It is not a bad thing that investors in UCITS will be protected from KIDs. What is impossible to understand is how the European authorities could justify protecting consumers of one product (UCITS) but not others (investment companies) facing immediate harm.
A recent consultation paper issued by EU regulators at least shows some willingness to accept there may be a problem. Unfortunately, the options for reform put forward are woefully inadequate. Many could make the situation worse. They will not work because they tinker with the existing rules rather than seeking to change their overall, flawed framework. In the absence of fundamental changes any measures brought forward are doomed to fail.
Presumably the delay in applying KIDs to the UCITS market is to allow time for a full review. This might open the way to identifying better options to fix the rules before UCITS are sold using KIDs. That may provide relief for those investors but, for now, no effective steps are being taken to protect consumers receiving flawed KIDs today.
The possibility of overhauling KIDs in the future must not stop measures being taken now to protect consumers. National regulators should be given new powers to suspend KIDs if they are misleading. Any suspensions would lapse when the KID is imposed on the UCITS market. This will protect consumers while a root and branch reform process is underway.
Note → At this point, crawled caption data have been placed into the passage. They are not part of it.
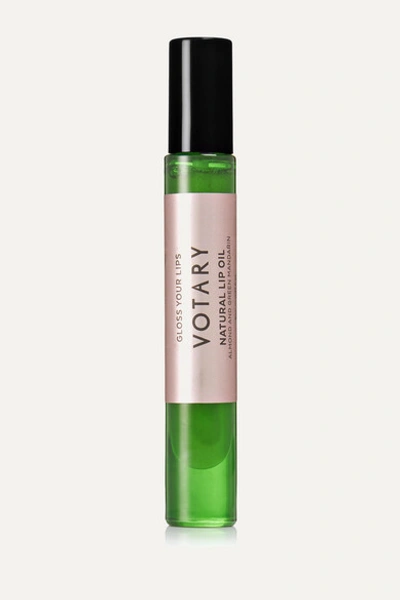 Votary Natural Lip Oil - Almond And Green Mandarin, 8ml In Colorless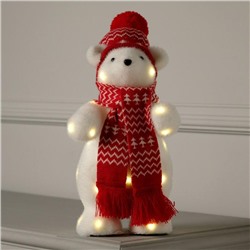 Фигура световая "Медведь в красной шапке", 26 LED, 30х18х17 см, фиксинг, от батар., Т/БЕЛЫЙ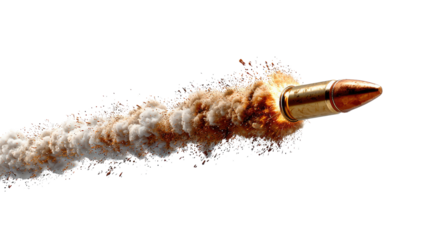 Bullet in Motion: A high-speed, detailed shot of a bullet in flight, with motion and speed, leaving a smoky trail that shows the power and force of its trajectory.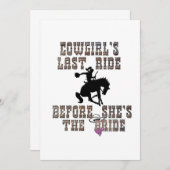 女性のカーボーイが花嫁になる前に最後に乗ること 招待状 (正面/裏面)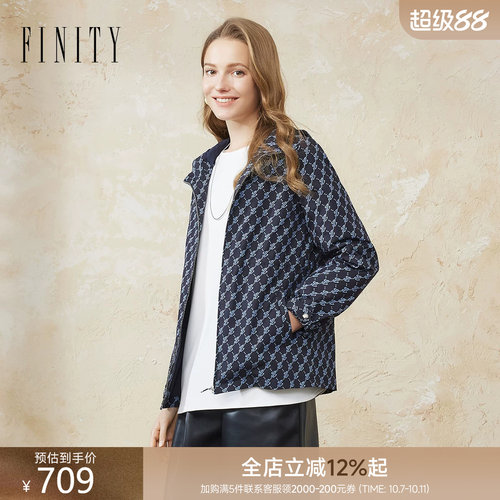 FINITY菲妮迪短款风衣2026年秋季新款连帽时尚印花质感休闲外套女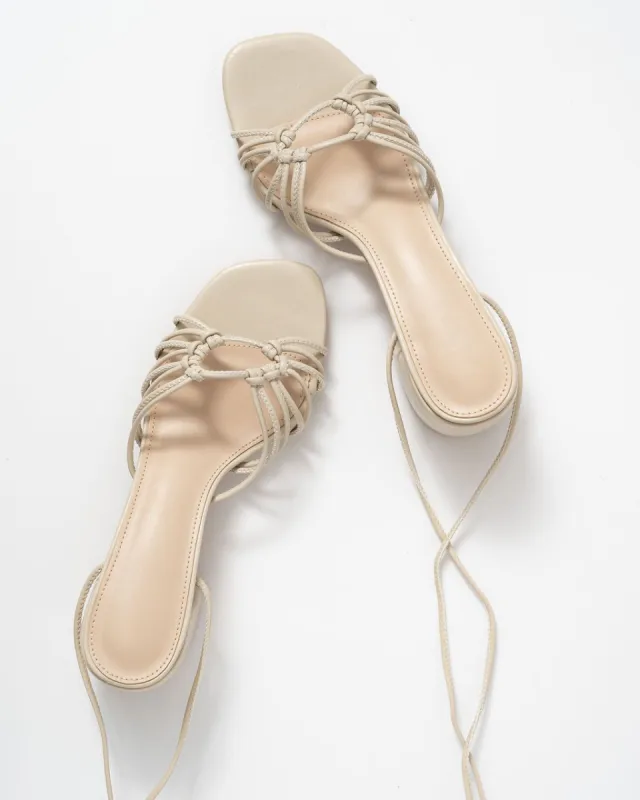 Celia Strappy Lace Up Heels - Cream - SALE sold by Vici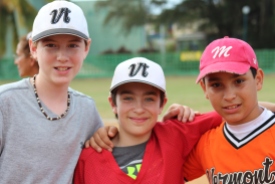 From left to right: Tate Agnew and Cyrus Perkinson, Vermont players, with a player from the Cuban team Marianao.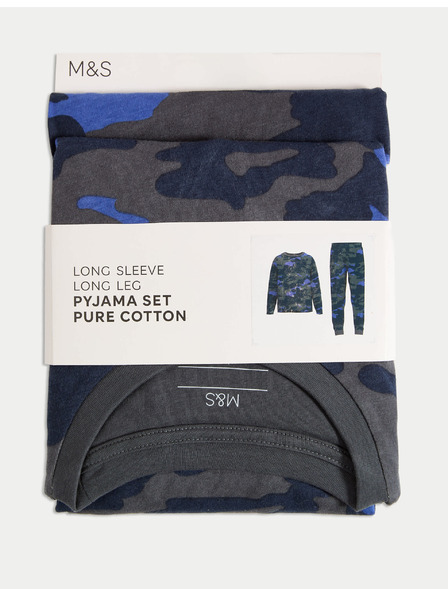 Marks & Spencer Maskáčové pyžamo z čisté bavlny (6–16 let) Marks & Spencer modrá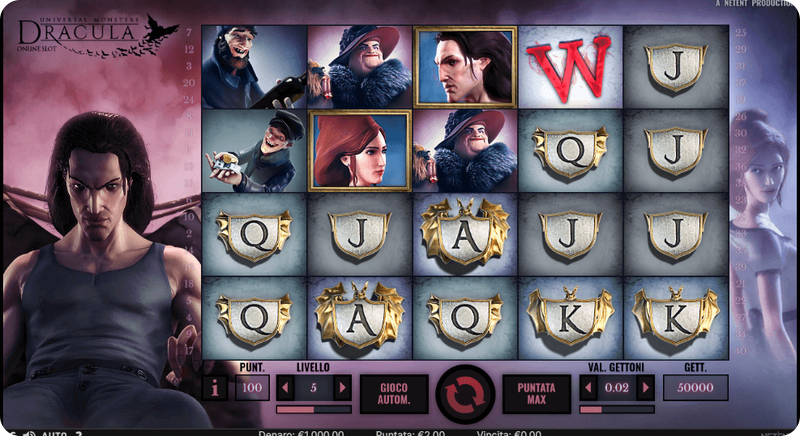 La schermata principale di Dracula slot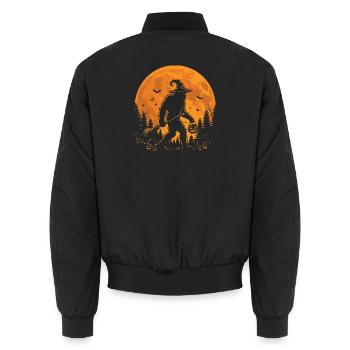 Bigfoot Kürbis Halloween – lustiger Sasquatch - Unisex Bomberjacke - Schwarz - Hinten - AI Model Male 185 light (185cm)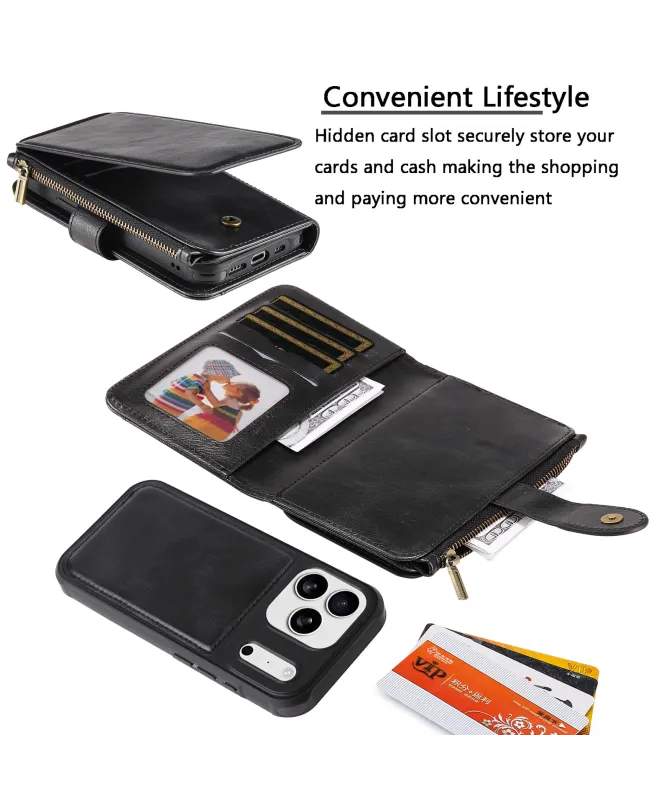Housse iPhone 17 Pro Portefeuille Zippé Détachable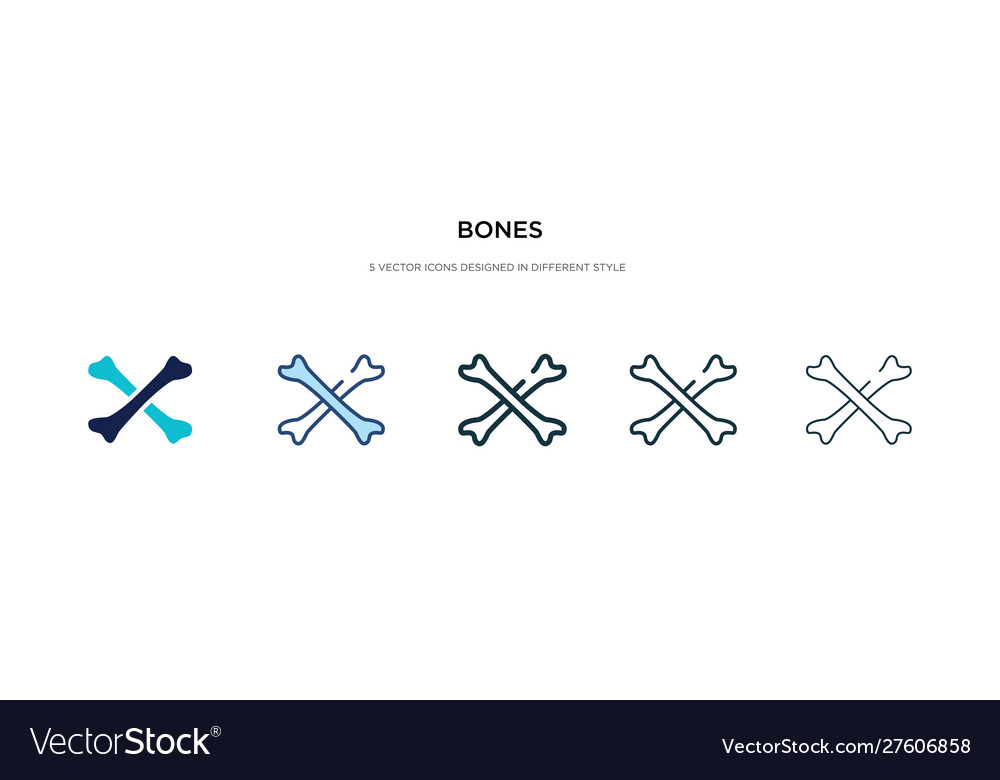 Bones icon in different style two colored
In the absence of an EU solution, the UK authorities should educate consumers about the problems with KIDs. They should prevent these disclosures contaminating the broader distribution environment. Over optimistic performance scenarios should be banned from financial promotions. Misleading risk indicators should not be used as the basis for automated advice processes or for online product filtering tools. These are the sort of steps that the FCA and others can take immediately irrespective of the EU view. The AIC will be pressing for them to be taken.
But, in the meantime, let’s put out the fire today, then think about how we can stop one breaking out in the future.